> _Task goal_
Filter the records down to the lines that hold the word "Building", and copy each of those lines.

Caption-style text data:

--------------------------------

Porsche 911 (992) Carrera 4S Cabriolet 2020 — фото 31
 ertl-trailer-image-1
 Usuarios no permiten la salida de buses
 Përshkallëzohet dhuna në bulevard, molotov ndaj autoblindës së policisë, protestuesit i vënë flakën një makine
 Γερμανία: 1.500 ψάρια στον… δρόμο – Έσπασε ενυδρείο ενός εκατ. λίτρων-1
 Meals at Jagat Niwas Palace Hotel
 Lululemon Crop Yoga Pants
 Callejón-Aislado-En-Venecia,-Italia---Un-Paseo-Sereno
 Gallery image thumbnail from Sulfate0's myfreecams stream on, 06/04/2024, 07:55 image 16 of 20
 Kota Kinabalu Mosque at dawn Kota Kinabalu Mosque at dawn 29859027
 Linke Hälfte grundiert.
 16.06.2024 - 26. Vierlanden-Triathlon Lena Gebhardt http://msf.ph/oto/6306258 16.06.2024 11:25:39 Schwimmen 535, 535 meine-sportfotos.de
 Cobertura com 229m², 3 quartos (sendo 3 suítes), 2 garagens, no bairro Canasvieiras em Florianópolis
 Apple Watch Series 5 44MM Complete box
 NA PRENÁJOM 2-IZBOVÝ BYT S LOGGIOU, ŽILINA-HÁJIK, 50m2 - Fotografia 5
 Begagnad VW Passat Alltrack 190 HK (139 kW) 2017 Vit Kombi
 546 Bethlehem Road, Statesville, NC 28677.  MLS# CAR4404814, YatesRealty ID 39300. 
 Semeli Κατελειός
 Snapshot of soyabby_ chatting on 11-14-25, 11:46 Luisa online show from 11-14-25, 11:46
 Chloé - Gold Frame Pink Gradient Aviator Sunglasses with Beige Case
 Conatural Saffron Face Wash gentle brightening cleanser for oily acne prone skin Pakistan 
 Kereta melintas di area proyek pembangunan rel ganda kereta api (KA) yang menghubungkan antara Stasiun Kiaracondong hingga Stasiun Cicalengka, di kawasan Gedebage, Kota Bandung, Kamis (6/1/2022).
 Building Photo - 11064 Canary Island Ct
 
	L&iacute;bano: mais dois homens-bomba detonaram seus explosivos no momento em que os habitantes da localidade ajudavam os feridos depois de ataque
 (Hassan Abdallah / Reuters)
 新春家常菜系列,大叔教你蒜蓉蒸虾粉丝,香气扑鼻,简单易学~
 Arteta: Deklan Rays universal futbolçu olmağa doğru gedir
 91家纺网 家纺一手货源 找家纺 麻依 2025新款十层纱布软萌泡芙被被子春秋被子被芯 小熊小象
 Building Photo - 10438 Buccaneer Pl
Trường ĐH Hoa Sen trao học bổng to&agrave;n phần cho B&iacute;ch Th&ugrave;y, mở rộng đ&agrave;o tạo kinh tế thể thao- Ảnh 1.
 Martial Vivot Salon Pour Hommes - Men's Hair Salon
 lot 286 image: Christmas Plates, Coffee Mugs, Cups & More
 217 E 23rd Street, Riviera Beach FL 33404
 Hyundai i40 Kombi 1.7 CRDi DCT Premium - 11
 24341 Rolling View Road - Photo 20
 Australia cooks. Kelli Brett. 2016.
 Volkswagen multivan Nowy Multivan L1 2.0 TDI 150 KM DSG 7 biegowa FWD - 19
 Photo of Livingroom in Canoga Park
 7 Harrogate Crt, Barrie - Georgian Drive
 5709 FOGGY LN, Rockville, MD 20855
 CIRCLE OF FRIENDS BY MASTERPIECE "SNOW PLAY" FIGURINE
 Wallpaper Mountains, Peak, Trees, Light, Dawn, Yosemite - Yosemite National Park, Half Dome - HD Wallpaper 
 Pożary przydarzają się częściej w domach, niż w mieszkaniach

--------------------------------

> _Written response_
 Building Photo - 11064 Canary Island Ct
 Building Photo - 10438 Buccaneer Pl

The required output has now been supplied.